Because of this, our modelling may understate the amount that dry year reserve generation would run since we can not hope to model all possible scenarios under which it might be required.
3.2 End of Year Storage
Our modelling was conducted for the year ending March in each year considered and we refer to storage at the end of each run as "end of year storage." Storage at this time of year is important because this is a critical time before the onset of winter and the reduction of inflows that occurs on average in the SI at this time.
In our previous security of supply report in December 2002 we assumed that end of year storage could end up at a range of values from as low as 900GWh in the SI.12 Under the EC, we assume that the risk of shortage would be too great if this occurred and that the EC will take action to achieve end of year storage that is consistently high.
We looked at historical storage back to 1979 for Lakes Pukaki and Tekapo and also undertook some initial analysis of what could be achieved in the modelling. In the end, we chose a value of 2,100GWh target for end of year SI storage as a conservative figure. This is achieved in the modelling by setting controlled lakes, Pukaki, Tekapo and Hawea, to 67% full and all other lakes to 50% full.
However, there are a small number of inflow years that consistently fall below this level in our modelling, notably 1950, 1955, 1960 and 1977, all of which feature relatively low inflows over spring and summer, the period when SI lakes are usually topped up. Clearly an event consisting of a dry spring-summer followed by a dry winter, could be particularly difficult to manage through.13
At a recent workshop at the Electric Power Optimization Centre (EPOC14) a presentation from NIWA described a phenomenon known as the Interdecadal Pacific Oscillation (IPO) which affects the inflows into the southern hydro lakes. The IPO tends to drive inflows higher or lower for decades at a time. The years 1945 - 1977 are in a drier period of the IPO while 1978 - 1999 are in a wetter period, the difference being of the order of 15% in total inflows. There is a suggestion that the IPO could now be swinging back to a drier period.

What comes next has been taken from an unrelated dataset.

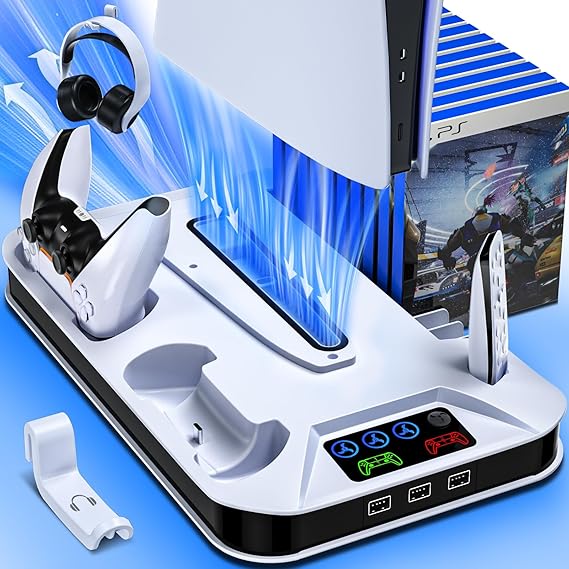 PS5/Slim/Pro Cooling Station with Controller Charging Station for Playstation Console Playstation 5 Slim&Standard Disc/Digital Console, PS5 Pro Stand Cooler Accessories Incl Cooling Fan/3 USB Hubs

The years 1950, 1955, 1960 and 1977 are all from a drier period of the IPO and also out of recent experience apart perhaps from 1992, which was to a degree similar as storage was low at the end of 1991. If the IPO is swinging back to a drier period then we may see more dry spring-summer events and end of year storage management could become even more important than it has been in the last two decades. The modelling shows that it is actually quite difficult to get SI storage back up to 2,100GWh in these years. This is evident in the charts in Figure 8 and Figure 9 in section 7.